When you buy your own policy, you pay the premium, you can claim 80D, but you're spending real money to get that deduction. A deduction is not a rebate — it reduces taxable income, it doesn't refund the premium.
For most employees the sensible answer isn't either/or. Use the employer's group cover as your foundation (it's the best value), and consider a personal top-up or policy for continuity and for the 80D benefit on what you choose to pay yourself.
A worked example
Consider a mid-sized company and one of its employees. (Figures below are illustrative and rounded for clarity; they are not current-year tax tables.)
The company pays an annual group health premium of, say, ₹8,000 for this employee's base cover. The company treats that ₹8,000 as a business expense, reducing its taxable profit. The employee receives the cover, pays nothing, and the ₹8,000 is not added to their taxable salary.
The same employee decides their family needs more protection, so they buy a voluntary top-up through the company's platform and pay ₹4,000 for it from their own pocket. That ₹4,000 is the employee's own health insurance expense — and so it can typically be claimed under Section 80D, subject to the applicable limit.
Net result: the company deducts the base premium as a business cost, the employee enjoys untaxed base cover, and the employee separately gets an 80D deduction on the part they chose to fund themselves. Everyone uses the route available to them.
FAQs
Is group health insurance tax-free for employees?
In most cases, yes — the premium an employer pays for group health cover is generally not treated as a taxable perquisite, so it isn't added to the employee's taxable income. The employee can't claim an 80D deduction on it, but they also aren't taxed on it.
Can I claim 80D if my company pays my health insurance?
No. Section 80D requires that you paid the premium. If your employer paid it, there's no expense in your hands to deduct.
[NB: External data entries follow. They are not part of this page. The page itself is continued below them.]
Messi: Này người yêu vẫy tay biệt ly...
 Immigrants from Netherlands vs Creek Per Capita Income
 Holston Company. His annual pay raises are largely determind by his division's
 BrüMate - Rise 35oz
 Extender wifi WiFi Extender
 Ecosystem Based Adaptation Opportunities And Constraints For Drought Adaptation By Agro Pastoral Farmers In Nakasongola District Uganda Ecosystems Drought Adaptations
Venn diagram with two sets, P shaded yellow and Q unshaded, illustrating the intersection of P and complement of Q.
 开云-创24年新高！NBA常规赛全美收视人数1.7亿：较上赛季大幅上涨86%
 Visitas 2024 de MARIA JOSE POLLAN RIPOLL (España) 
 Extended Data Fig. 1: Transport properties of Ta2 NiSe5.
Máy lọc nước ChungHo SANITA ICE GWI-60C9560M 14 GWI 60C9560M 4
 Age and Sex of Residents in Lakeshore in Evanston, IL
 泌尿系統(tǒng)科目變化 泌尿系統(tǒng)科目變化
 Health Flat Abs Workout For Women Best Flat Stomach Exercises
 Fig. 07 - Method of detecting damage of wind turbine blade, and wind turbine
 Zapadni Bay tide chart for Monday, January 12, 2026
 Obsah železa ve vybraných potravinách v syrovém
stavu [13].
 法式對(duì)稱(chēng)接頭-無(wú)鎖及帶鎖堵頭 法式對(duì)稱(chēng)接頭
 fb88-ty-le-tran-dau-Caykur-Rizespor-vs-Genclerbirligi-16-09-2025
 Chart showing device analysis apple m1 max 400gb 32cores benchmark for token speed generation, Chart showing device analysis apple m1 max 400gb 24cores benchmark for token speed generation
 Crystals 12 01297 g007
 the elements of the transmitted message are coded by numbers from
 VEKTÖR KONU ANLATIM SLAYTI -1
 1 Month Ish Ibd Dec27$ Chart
You can claim 80D only on premiums you pay yourself, such as a voluntary top-up or a personal policy.
Is employer-paid health insurance a taxable perquisite in India?
Generally no. Employer-paid group health insurance premiums are typically not treated as a taxable perquisite for the employee. Confirm the current-year position with a tax advisor, as perquisite rules can change.
Can I claim 80D on a top-up I bought on top of my company policy?
Usually yes, if you paid for the top-up yourself. Because the top-up premium is your own expense, it typically qualifies under Section 80D within the applicable limit.
Can employers claim a tax deduction on group health insurance premiums?
Yes, but not under Section 80D — that section is for individuals. Employers generally claim group health premiums as a deductible business expense, which reduces the company's taxable profit.
Does adding my parents to the company policy give me a tax benefit?
Only to the extent you pay for it yourself. If you personally fund the cost of adding your parents, that premium may qualify for 80D under the rules for parental cover. If the employer fully funds it, there's no deduction for you.